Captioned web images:

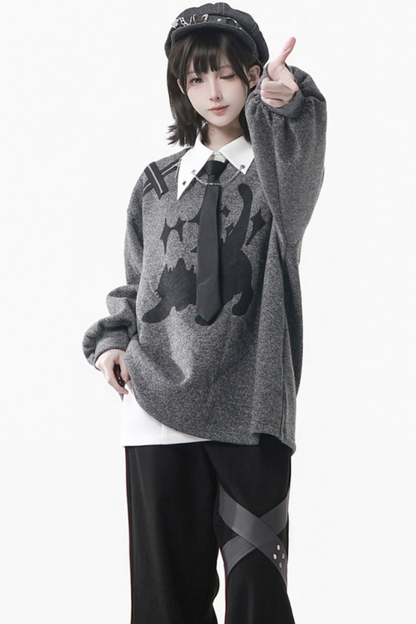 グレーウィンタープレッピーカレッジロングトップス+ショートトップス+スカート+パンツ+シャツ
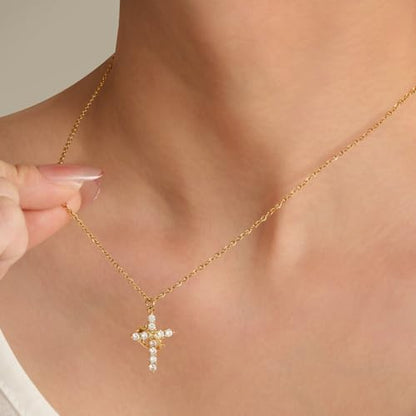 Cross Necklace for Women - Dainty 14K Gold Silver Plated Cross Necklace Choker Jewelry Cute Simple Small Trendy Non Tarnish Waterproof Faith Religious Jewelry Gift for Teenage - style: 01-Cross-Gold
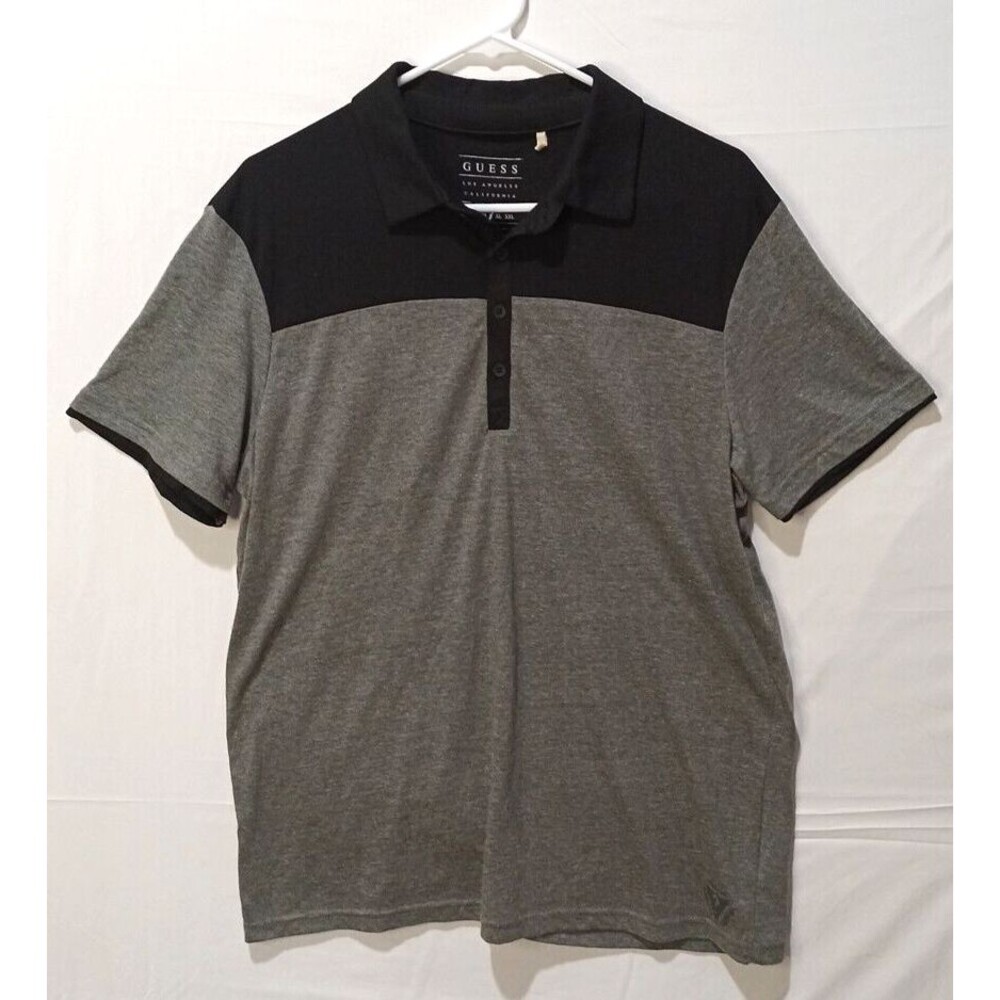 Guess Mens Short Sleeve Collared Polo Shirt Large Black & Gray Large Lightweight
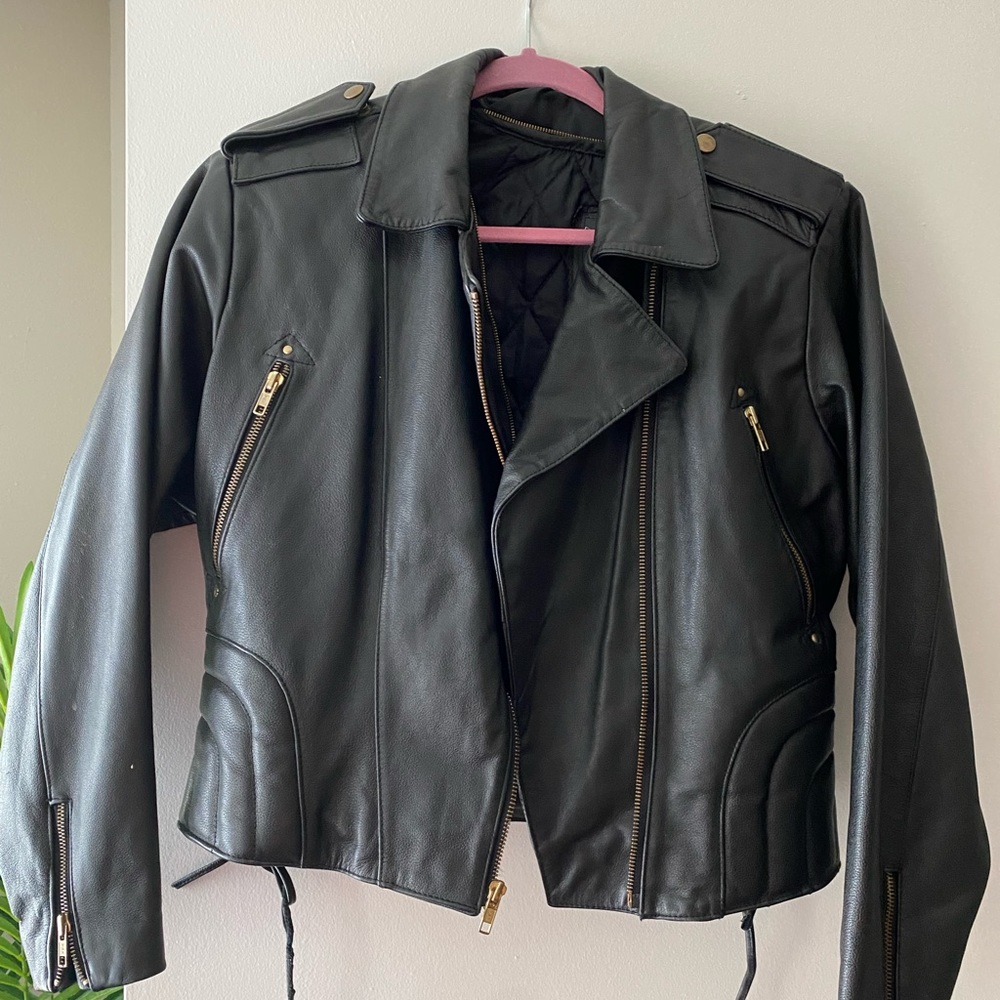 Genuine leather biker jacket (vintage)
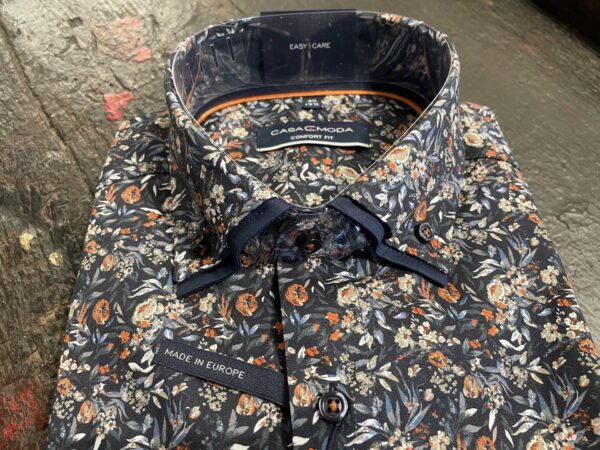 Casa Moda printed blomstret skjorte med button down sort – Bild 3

• _Exercise requirements_
Lines starting at the one with "Genuine leather biker jacket (vintage)" and ending at the last line of the entries above must be restated word for word, with pictures omitted.

• _Expected answer_
 Genuine leather biker jacket (vintage)
 Casa Moda printed blomstret skjorte med button down sort – Bild 3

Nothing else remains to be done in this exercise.